Chen was born Mingrong (明融) in 1891, while Wangdao is his courtesy name. Beginning in 1915, he studied at Waseda University, Toyo University and Chuo University successively. He eventually obtained his Bachelor of Laws at Chuo University. The experience in Japan brought him into contact with communist ideas.

Chen returned to China as the May Fourth Movement began. He found a job teaching Chinese literature at then Chekiang Provincial No.1 Normal School. Meantime, Chen spread the New Culture with colleagues whose passions coincided with his own. The authority decided to dismiss them for that method. Despite students' agitation against the order, he was obliged to return to his hometown in 1920.
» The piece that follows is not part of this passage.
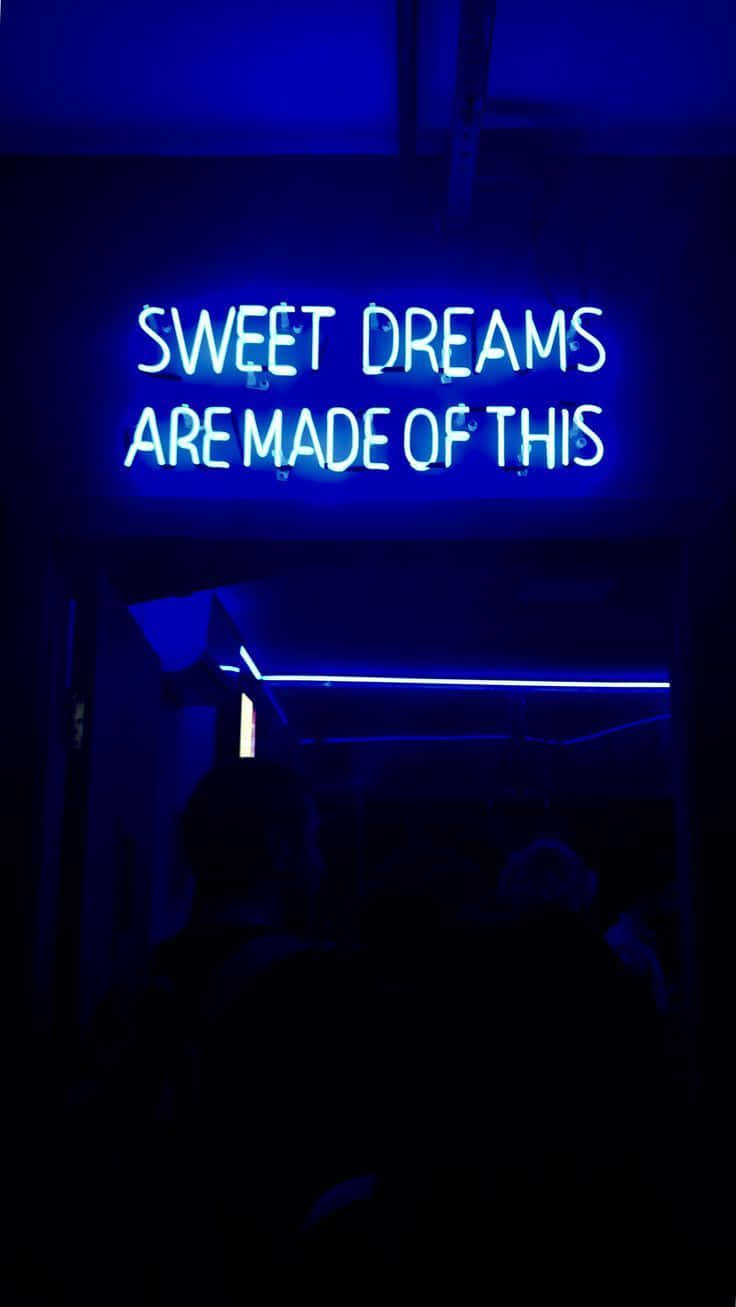 Verlig jou ruimte met 'n gewaagde Neon Blou Estetiek Muurpapier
Chen was among the founders of Shanghai's Marxist research institute in May 1920. In August of that year, he became one of the founders of the Shanghai Communist Group.

In 1920, The Communist Manifesto was printed and distributed in Chinese, with its publishing being a major priority of the Shanghai Communist Group. Chen Wangdao is credited as translator of the first printing. It quickly became a popular text among Chinese intellectuals. It was dubbed "the first red book of China."

Later, he set up a group on the communist campaign in Shanghai, together with Chen Duxiu, Li Hanjun et al. He became a member of the Chinese Communist Party (CCP), after it was founded in 1921. He was at odds with Chen Duxiu soon. He left the CCP in 1922 and rejoined in 1957.